To do:
The full listing, word for word and free of images, is the expected result.

Material provided:
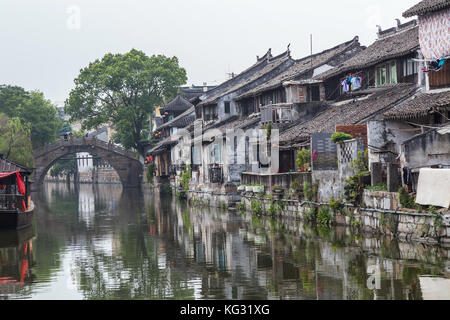 Ponti, Canali di zhujiajiao fengjing antica città d'acqua Foto Stock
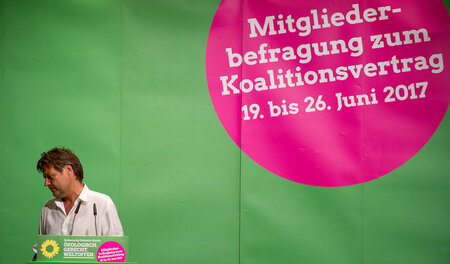 Der Kieler Grünen-Umweltminister Robert Habeck warnte die Delegi... Der Kieler Grünen-Umweltminister Robert Habeck warnte die Delegi...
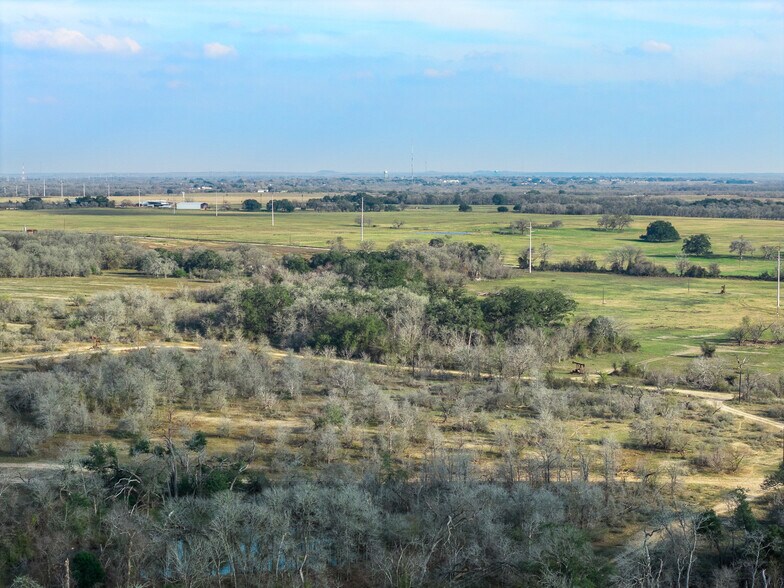 More Photos Of 1144 Treetop ln, Luling Land For Sale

Reply:
 Ponti, Canali di zhujiajiao fengjing antica città d'acqua Foto Stock
 Der Kieler Grünen-Umweltminister Robert Habeck warnte die Delegi... Der Kieler Grünen-Umweltminister Robert Habeck warnte die Delegi...
 More Photos Of 1144 Treetop ln, Luling Land For Sale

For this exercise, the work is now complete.